Ele pronunciou frase cheia de graça com luminosa mesóclise nessa alocução, como diria ele:
“Quando menos fosse sê-lo-ia pela minha formação democrática e pela minha formação jurídica.”
Alguns jornais, no entanto, reproduziram a frase trocando o “quando” por “como”. Então ficou: “Como menos fosse…”.
Só que a expressão “como menos” criada por esses redatores carece, como também diria Temer, de sentido. Ele disse claramente “QUANDO MENOS fosse”, porque “quando menos” significa “ao menos, pelo menos”.
No entanto, ele teria dito com mais clareza:
“Não fosse por outro motivo, ‘sê-lo-ia’ por minha…”
Enfim, o último que usou a expressão “quando menos” com perfeição foi o luso estilista barroco padre Manuel Bernardes (1644-1710), em “Nova Floresta”, I, p. 112, lembrada pelo Aurélio:
“Dissimular erros no amigo, não é amor, é lisonja; não é prudência, é traição, ou QUANDO MENOS pusilanimidade.”
(Nota: a vírgula depois de “amigo” foi engano do santo homem. A menos que o dactilógrafo tenha sido o mesmo que transcreveu o discurso de Michel Miguel.)
Entre parênteses, e aproveitando a frase do padre santo, o fato é que dissimular erros no amigo Temer, no amigo Luizinácio ou na amiga Dilma é o que têm feito alguns de seus admiradores, inclusive jornalistas, distraídos ou não.
De volta ao texto de Michel Miguel, há uma locução equivalente: “quando mais não fosse”, que também significa “pelo menos”, “no mínimo”. Foi usada por José Américo de Almeida (1887-1980) em “O Boqueirão”, p. 55, como registra Euclides Carneiro da Silva em seu “Dicionário de Locuções da Língua Portuguesa”, edições Bloch, 1975:
“— Vamos à casa da menina da liteira?
— Fazer o quê?
— Pedir desculpas…
— QUANDO MAIS NÃO FOSSE, passava-se o tempo.”
Antiguidades, nada mais, só que a de Lulia/Bernardes é 300 anos mais antiga.
Quanto ao fosforescente “sê-lo-ia”, em que o verbo é atrozmente empalado na mesóclise em extinção no Brasil, posição em que o pronome cruel se introduz no âmago da forma verbal, é formalmente incriticável no caso, a não ser pelo sabor antigo que empresta à fala ou escrita de alguém. (No caso de Lulia, “escripta”.)
De todo modo, é curioso tentar ridicularizar alguém apenas por falar de acordo com a norma culta. Os excessos e o rebuscamento podem ser apenas engraçados. E daí? Pior será o duplo sentido, o uso enviesado da língua para enganar os governados.
A propósito da mesóclise, o articulista da Folha Elio Gaspari lembrou o costume do ex-presidente Jânio Quadros de a usar (epa de novo!) por ter sido professor de geografia na década de 40 e gostar de falas rebuscadas. Também gostava de tomar umas e outras. Tanto que ficou lendária a resposta que teria dado a suposto comentário sobre seu gosto por uísque:
“Bebo-o porque é líquido; fosse sólido, comê-lo-ia!”
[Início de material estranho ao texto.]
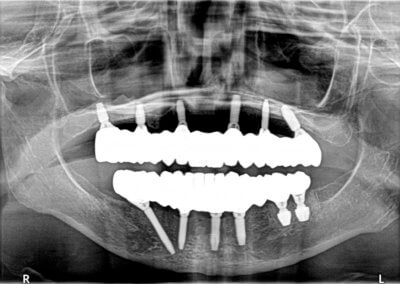 Upper and lower fixed zirconia bridges on implants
Torturante mesóclise, mas provável lenda.
E, fora Jânio, que se saiba, nenhum outro de nossos presidentes — nem um — foi muito chegado à “marvada”, nome que dão à cachaça e a similares mais ou menos refinados. Em geral, menos.
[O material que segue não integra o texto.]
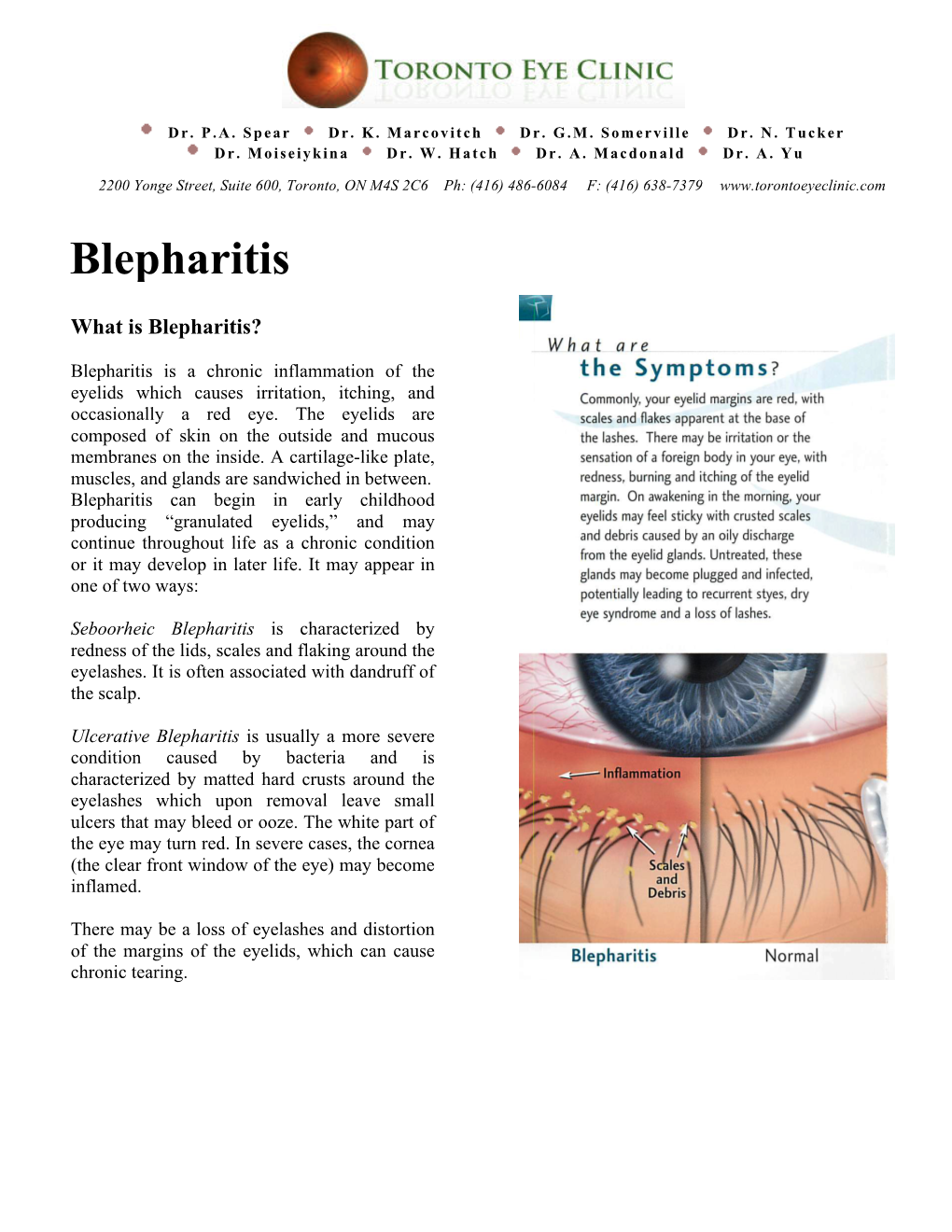 Blepharitis Handout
________________________________________________________________________
Josué Rodrigues Silva Machado, jornalista, autor de “Manual da Falta de Estilo”, Best Seller, SP, 1995; e “Língua sem Vergonha”, Civilização Brasileira, RJ, 2011, livros de avaliação crítica e análise bem-humorada de textos torturados de jornais, revistas, TV, rádio e publicidade.